▶ **Data block**:
•••
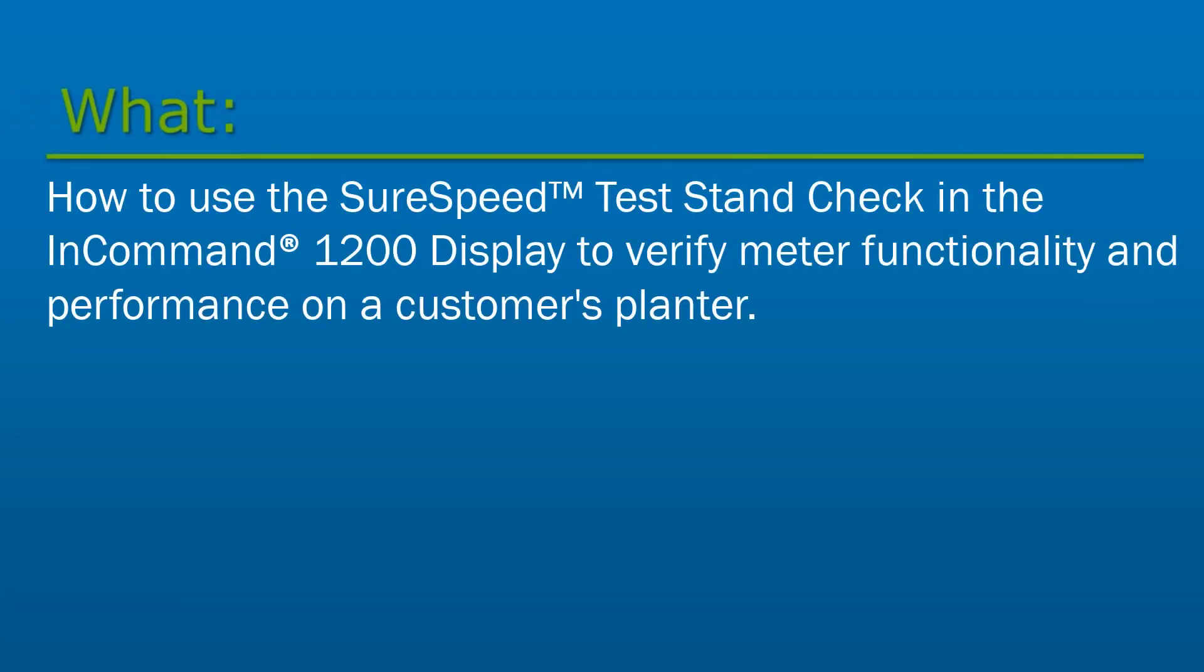In this video, we will cover how to use the SureSpeed Test Stand Check in the InCommand 1200 display. The Test Stand Check can be used to test and verify meter functionality and performance on a customer's planter.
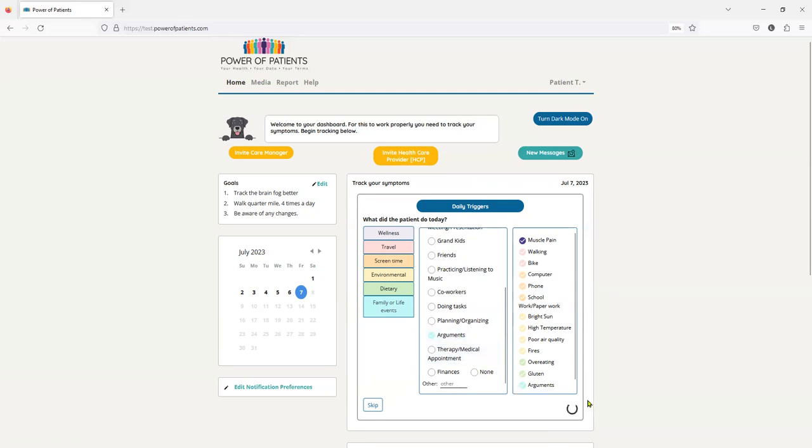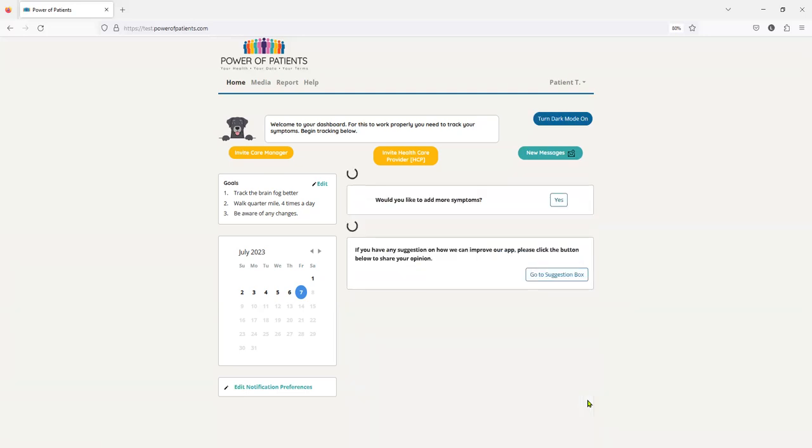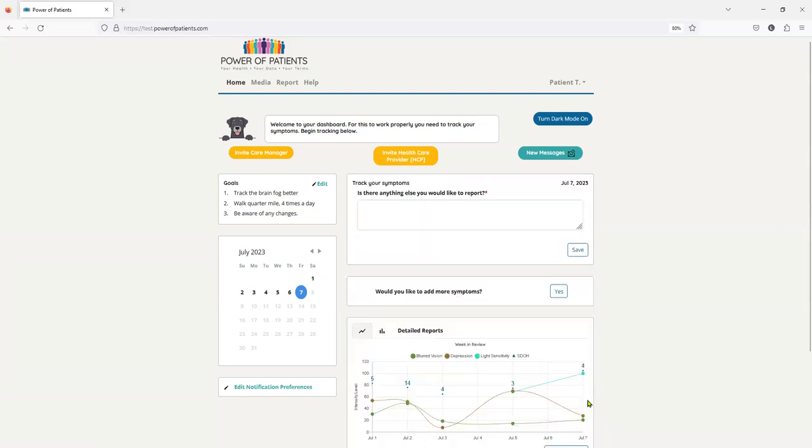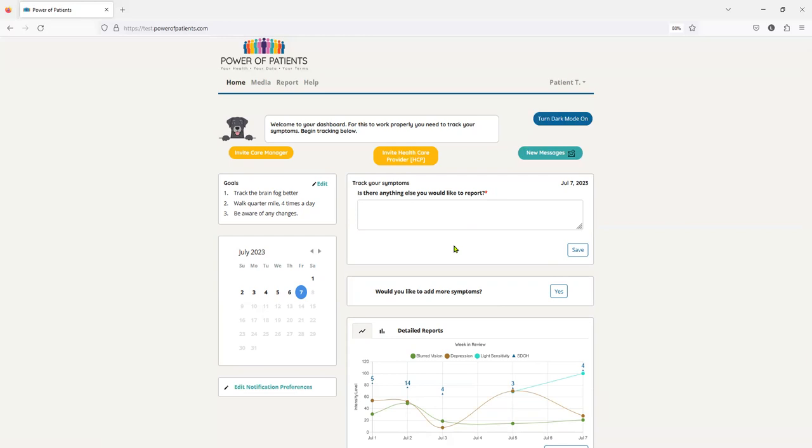So that is how fast a patient can actually track on a daily event. And if you notice, we allow them to journal throughout the day. So if something happens, if they track first thing in the morning and then everything falls apart, they can come back into Sally and they do, and they just track and tell us what actually happened.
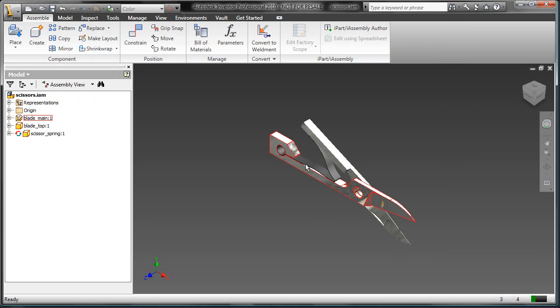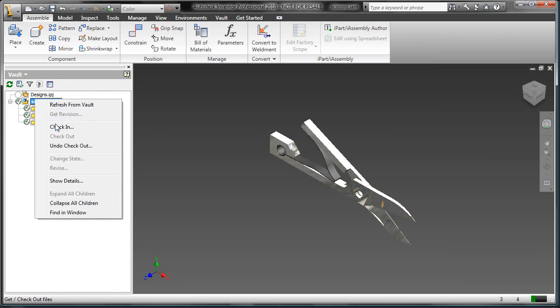So let's close this down and save everything, check it all back into the vault, and we'll examine revising from the vault.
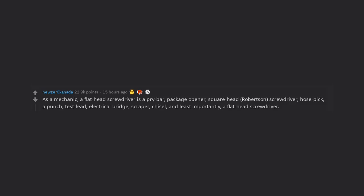As a mechanic, a flathead screwdriver is a pry bar, package opener, square head, Robertson screwdriver, hose pick, a punch, test lead, electrical bridge, scraper, chisel, and least importantly, a flathead screwdriver.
•••
▶ **What you need to do**: Starting at the line that holds "So let's close", retype every line through the end of the data, both ends included. Pictures stay out of the copy.

▶ **Reply**:
So let's close this down and save everything, check it all back into the vault, and we'll examine revising from the vault.
As a mechanic, a flathead screwdriver is a pry bar, package opener, square head, Robertson screwdriver, hose pick, a punch, test lead, electrical bridge, scraper, chisel, and least importantly, a flathead screwdriver.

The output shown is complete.